Maybe it is necessary so setup a Cache instance or load a file into memory. Use the init function for this purpose:

class ExampleParserBot(Bot):
    def init(self):
        try:
            self.database = pyasn.pyasn(self.database)
        except IOError:
            self.logger.error("pyasn data file does not exist or could not be "
                              "accessed in '%s'." % self.database)
            self.logger.error("Read 'bots/experts/asn_lookup/README.md' and "
                              "follow the procedure.")
            self.stop()

Custom configuration checks

Every bot can define a static method check(parameters) which will be called by intelmqctl check. For example the check function of the ASNLookupExpert:

@staticmethod
def check(parameters):
    if not os.path.exists(parameters.get('database', '')):
        return [["error", "File given as parameter 'database' does not exist."]]
    try:
        pyasn.pyasn(parameters['database'])
    except Exception as exc:
        return [["error", "Error reading database: %r." % exc]]

Running

You can always start any bot directly from command line by calling the executable. The executable will be created during installation a directory for binaries. After adding new bots to the code, install IntelMQ to get the files created. Don't forget to give an bot id as first argument. Also, running bots with other users than intelmq will raise permission errors.

$ sudo -i intelmq
$ intelmqctl run file-output  # if configured
$ intelmq.bots.outputs.file.output file-output

You will get all logging outputs directly on stderr as well as in the log file.

Examples

Check Expert Bots
Check Parser Bots

Parsers

Parsers can use a different, specialized Bot-class. It allows to work on individual elements of a report, splitting the functionality of the parser into multiple functions:

process: getting and sending data, handling of failures etc.
parse: Parses the report and splits it into single elements (e.g. lines). Can be overridden.
parse_line: Parses elements, returns an Event. Can be overridden.
recover_line: In case of failures and for the field raw, this function recovers a fully functional report containing only one element. Can be overridden.

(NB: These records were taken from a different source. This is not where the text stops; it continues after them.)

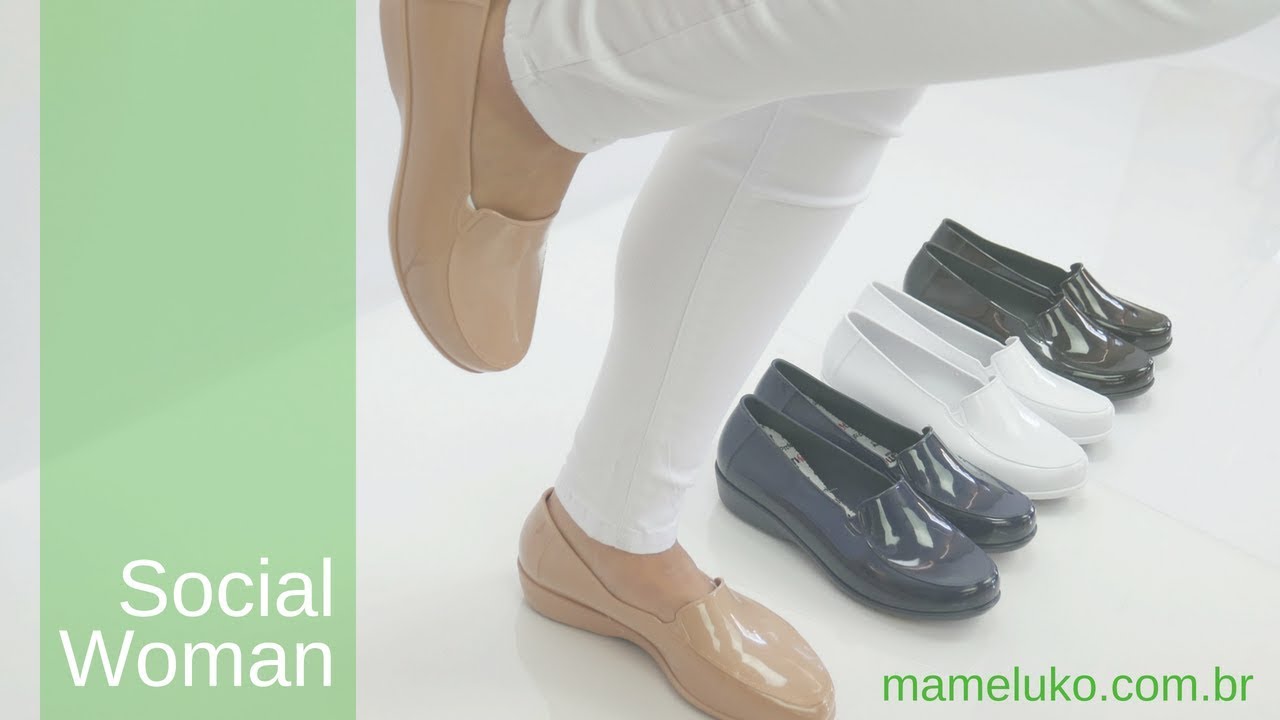 calçados sticky shoe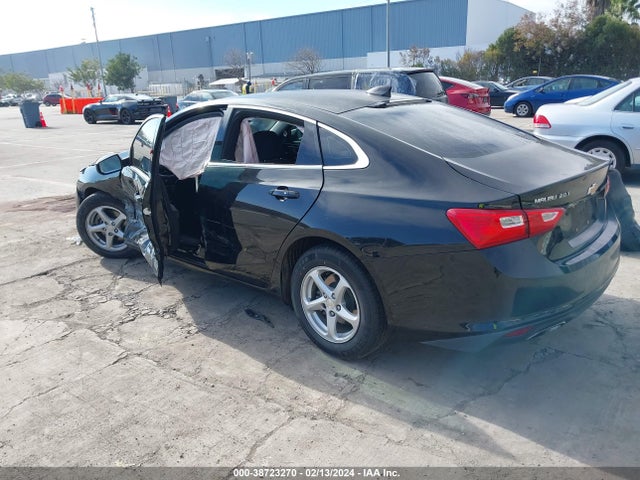 Chevrolet MALIBU 2LT 2016 1G1ZF5SX7GF205635 Image 3
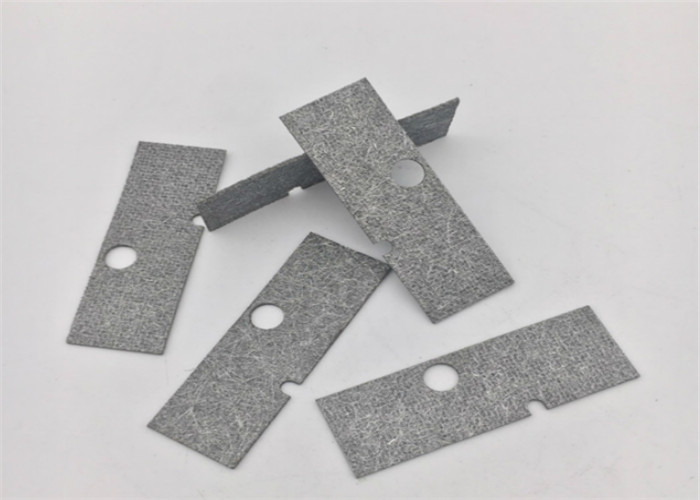 Electrolytic Nickel Sintered Felt For Aircraft Tank And Navy
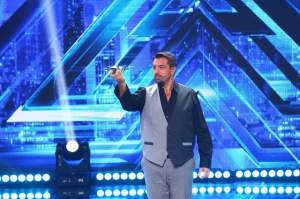 FOTO / Horia Brenciu îşi arată îndemânarea în noul sezon "X Factor"! Este omul gadgeturilor
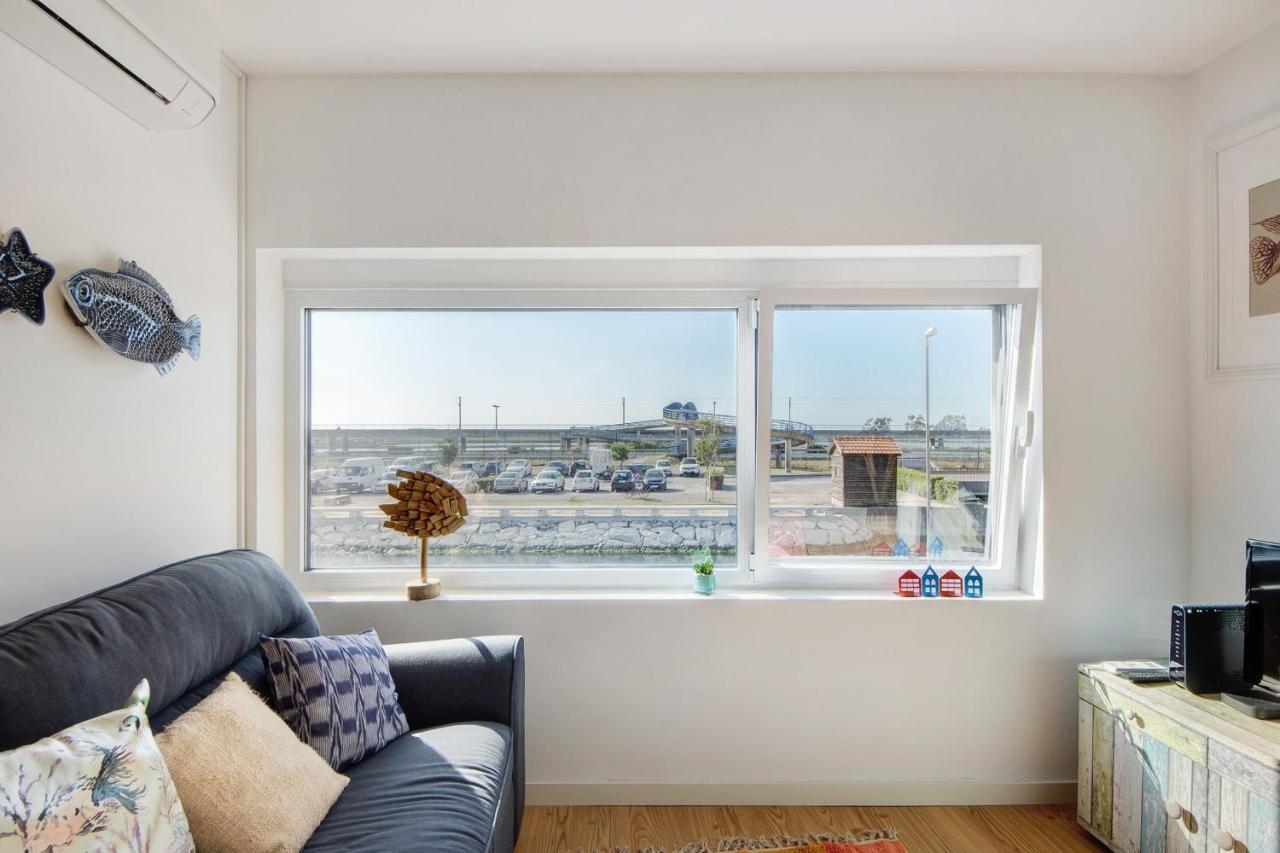 Apartamento T1 - Salina Ria Aveiro Ngoại thất bức ảnh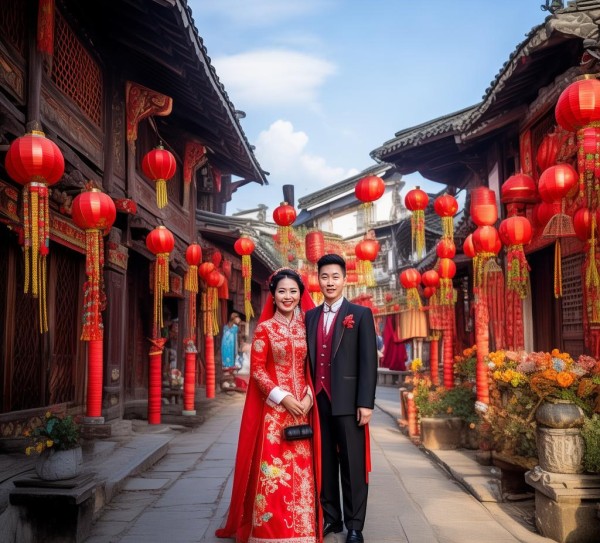 靖远平堡镇,千年婚俗文化的传承与魅力,象征,婚礼习俗,甜蜜,第1张 靖远平堡镇,千年婚俗文化的传承与魅力,靖远平堡镇,千年婚俗文化的传承与魅力,象征,婚礼习俗,甜蜜,第1张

For common cases, like CSV, existing function can be used, reducing the amount of code to implement. In the best case, only parse_line needs to be coded, as only this part interprets the data.

You can have a look at the implementation intelmq/lib/bot.py or at examples, e.g. the DummyBot in intelmq/tests/lib/test_parser_bot.py. This is a stub for creating a new Parser, showing the parameters and possible code:

class MyParserBot(ParserBot):

    def parse(self, report):
        """A generator yielding the single elements of the data.

        Comments, headers etc. can be processed here. Data needed by
        `self.parse_line` can be saved in `self.tempdata` (list).

        Default parser yields stripped lines.
        Override for your use or use an existing parser, e.g.:
            parse = ParserBot.parse_csv
        """
        for line in utils.base64_decode(report.get("raw")).splitlines():
            yield line.strip()

    def parse_line(self, line, report):
        """A generator which can yield one or more messages contained in line.

        Report has the full message, thus you can access some metadata.
        Override for your use.
        """
        raise NotImplementedError

    def process(self):
        self.tempdata = []  # temporary data for parse, parse_line and recover_line
        self.__failed = []
        report = self.receive_message()

        for line in self.parse(report):
            if not line:
                continue
            try:
                # filter out None
                events = list(filter(bool, self.parse_line(line, report)))
            except Exception as exc:
                self.logger.exception('Failed to parse line.')
                self.__failed.append((exc, line))
            else:
                self.send_message(*events)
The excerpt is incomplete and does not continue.